Yazımla ilgili yapılması gereken eleştiriler…
İnsanlar günaha yasal yollardan kolayca ulaştıklarında ensest ilişki (aile, yakın çevre, yakın akraba üyelerinin yani birbirine nikah düşmeyen kişilerin birbiriyle cinsel ilişkisi) kısmen azalacaktır. Bilindiği gibi özellikle bizim gibi kapalı toplumlarda ensest ilişki hayli yaygındır. Eskiden bu tür ilişkilerin çoğu istatistiklere yansımıyordu ama şimdi kısmen demokratikleşme ve şeffaflaşma sebebiyle daha büyük bir bölümü istatistiklere de yansıyor. Bu hususta bir savcının köşe yazarı Osman Özsoy’a anlattıkları tam bir fecaatti. (Osman Özsoy’un “ensest ilişki” başlıklı yazısına bakılabilir)

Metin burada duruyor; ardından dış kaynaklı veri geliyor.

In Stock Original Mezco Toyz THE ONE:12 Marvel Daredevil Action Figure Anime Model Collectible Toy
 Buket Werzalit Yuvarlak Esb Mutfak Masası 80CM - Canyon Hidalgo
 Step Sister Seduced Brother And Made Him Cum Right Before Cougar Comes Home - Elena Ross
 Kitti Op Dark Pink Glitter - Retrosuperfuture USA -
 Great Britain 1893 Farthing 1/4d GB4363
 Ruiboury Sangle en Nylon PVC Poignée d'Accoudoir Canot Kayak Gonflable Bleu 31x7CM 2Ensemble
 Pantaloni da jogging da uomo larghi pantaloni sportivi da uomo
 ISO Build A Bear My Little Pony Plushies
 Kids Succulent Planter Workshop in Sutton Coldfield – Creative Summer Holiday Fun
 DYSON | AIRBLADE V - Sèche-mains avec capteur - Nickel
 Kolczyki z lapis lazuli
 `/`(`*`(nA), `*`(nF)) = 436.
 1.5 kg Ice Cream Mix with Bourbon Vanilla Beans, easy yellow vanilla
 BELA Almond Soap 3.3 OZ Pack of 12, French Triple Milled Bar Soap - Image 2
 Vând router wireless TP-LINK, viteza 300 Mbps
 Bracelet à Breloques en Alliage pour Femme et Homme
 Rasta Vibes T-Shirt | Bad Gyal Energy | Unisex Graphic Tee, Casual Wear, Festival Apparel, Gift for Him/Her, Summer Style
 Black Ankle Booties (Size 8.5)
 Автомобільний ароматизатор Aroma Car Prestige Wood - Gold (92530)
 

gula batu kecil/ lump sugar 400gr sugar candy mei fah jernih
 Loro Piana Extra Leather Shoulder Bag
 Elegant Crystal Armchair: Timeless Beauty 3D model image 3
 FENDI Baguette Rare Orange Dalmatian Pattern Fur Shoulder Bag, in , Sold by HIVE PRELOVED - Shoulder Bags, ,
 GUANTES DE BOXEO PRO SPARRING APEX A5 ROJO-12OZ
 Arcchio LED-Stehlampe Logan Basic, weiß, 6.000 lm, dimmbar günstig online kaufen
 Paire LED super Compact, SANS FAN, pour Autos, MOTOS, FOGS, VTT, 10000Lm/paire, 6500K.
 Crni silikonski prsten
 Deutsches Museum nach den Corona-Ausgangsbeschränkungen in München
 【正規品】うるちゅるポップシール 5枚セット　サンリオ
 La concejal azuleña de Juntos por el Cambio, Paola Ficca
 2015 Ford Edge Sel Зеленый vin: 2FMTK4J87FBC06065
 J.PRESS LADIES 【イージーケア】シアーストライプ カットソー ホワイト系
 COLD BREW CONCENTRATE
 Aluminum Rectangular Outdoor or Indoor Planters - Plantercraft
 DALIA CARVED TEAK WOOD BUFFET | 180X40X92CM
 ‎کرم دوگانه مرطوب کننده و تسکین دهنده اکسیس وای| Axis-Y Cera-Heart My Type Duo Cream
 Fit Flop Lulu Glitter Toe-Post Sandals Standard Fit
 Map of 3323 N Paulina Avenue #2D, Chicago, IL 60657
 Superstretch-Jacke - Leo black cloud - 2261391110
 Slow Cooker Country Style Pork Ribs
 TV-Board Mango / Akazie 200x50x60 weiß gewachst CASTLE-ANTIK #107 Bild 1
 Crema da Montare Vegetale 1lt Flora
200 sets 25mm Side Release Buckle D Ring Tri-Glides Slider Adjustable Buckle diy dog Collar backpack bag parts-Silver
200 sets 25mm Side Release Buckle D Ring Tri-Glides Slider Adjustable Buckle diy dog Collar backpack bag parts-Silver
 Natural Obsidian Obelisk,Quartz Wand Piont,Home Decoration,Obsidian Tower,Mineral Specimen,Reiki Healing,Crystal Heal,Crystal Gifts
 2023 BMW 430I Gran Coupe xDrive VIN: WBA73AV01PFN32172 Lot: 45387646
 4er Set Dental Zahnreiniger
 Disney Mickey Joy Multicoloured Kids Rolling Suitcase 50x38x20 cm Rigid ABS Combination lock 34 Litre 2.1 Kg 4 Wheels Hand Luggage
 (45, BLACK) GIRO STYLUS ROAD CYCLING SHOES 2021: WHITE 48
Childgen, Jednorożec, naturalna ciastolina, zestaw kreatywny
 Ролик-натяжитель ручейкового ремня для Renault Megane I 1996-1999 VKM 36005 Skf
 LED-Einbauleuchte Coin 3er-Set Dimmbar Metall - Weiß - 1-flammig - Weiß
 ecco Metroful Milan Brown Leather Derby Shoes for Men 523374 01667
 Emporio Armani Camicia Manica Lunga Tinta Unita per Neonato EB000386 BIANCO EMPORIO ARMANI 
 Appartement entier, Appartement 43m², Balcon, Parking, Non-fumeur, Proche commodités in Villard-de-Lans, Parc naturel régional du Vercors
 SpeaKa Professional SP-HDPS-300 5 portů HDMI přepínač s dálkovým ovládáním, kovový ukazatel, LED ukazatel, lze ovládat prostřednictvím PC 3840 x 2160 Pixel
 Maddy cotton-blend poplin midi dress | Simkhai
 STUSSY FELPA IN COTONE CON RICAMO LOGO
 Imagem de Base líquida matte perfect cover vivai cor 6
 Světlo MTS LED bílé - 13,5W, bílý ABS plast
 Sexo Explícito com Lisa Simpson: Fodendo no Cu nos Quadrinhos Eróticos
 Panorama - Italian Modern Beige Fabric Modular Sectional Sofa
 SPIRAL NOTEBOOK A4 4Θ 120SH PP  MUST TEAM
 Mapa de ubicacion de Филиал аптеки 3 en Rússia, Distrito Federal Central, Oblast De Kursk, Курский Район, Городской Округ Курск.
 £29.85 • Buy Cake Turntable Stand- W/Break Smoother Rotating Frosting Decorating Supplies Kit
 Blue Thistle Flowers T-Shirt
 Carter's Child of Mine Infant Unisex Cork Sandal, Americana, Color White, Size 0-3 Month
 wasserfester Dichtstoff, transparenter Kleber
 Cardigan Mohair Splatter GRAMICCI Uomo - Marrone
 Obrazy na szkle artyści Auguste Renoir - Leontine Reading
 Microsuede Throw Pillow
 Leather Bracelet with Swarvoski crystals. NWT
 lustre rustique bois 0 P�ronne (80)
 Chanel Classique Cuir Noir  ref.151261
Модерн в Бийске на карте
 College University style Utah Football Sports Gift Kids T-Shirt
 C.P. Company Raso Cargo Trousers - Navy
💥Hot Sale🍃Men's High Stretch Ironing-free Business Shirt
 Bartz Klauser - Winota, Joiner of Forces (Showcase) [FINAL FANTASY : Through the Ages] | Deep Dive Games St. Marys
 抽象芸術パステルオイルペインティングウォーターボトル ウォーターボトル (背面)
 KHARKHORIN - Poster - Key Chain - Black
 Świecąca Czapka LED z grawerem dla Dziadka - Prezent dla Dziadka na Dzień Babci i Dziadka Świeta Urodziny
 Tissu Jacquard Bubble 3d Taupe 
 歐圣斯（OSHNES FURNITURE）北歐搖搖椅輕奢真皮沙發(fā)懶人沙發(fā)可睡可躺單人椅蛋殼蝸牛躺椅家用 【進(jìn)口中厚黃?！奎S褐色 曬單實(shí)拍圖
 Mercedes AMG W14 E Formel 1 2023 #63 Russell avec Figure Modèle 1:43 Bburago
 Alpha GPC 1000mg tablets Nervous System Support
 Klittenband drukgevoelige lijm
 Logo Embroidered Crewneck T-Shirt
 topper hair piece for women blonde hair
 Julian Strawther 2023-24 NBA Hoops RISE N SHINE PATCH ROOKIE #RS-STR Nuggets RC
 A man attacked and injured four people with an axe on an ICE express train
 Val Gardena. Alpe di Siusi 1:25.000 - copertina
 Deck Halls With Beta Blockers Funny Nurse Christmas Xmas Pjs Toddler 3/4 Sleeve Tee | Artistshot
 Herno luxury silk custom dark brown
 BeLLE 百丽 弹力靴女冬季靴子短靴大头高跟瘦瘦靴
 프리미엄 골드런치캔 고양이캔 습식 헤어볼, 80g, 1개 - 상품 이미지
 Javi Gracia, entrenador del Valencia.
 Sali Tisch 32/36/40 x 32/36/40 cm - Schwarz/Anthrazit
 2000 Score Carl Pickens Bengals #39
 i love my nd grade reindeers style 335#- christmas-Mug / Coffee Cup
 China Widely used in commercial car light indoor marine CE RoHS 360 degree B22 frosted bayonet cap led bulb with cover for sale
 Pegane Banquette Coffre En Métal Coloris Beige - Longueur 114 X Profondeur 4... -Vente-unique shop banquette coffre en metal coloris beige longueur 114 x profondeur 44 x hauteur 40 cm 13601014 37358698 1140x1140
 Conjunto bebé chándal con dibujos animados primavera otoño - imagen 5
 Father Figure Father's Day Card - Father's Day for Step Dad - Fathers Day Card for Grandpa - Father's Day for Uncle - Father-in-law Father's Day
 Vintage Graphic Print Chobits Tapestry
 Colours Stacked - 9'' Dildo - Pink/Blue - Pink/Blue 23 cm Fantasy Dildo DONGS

Bir başka bağlamda da şunları kaydedelim. Eğer günaha ulaşmak kolaylaşacak olursa günah işlemeyecek birçok insan da kendiliğinden günaha girecektir. Bu hususta büyük Türk düşünürü Kara Sali der ki “Kendini kurtarmayan tekkeyi sel götürsün.”
Yalnız bu mevzunun en tehlikeli yönü gayrı meşru ilişkilerden doğumların artması ihtimali. Gerçi bugün de gayrı meşru ilişkiden doğumların azımsanmayacak boyutlarda olduğu açık.
Esaslı çözüm için…
Esaslı çözüm için insanımıza yatırım yapacağız. Ancak iyi bir eğitimden geçmiş insanda otokontrol sistemi tam manasıyla sağlanabilir. İnsanların bilgi ve eğitim düzeyleri yükselir, toplum şeffaflaşırsa işte o zaman bahis konusu yaptığımız sıkıntılar azalacaktır.
Dikkat edildiyse yasaklamalardan hiç bahsetmedik. Çünkü yasaklamalarla bir yere varılamayacağını düşünüyorum. Bugün yasakladığınızla ilgili yarın mutlaka bir aksülamel olacaktır. Bu kaçınılmaz. Toplumun kahir ekseriyeti ise bu gibi sıkıntıların yasaklamalarla aşılacağını düşünmektedir. Ama mevcut sıkıntıların yasaklamalardan ve cinselliğin tabulaştırılmasından kaynaklandığı gözden uzak tutulmamalıdır.
Hasılı oldukça netameli bir konuyla karşı karşıyayız.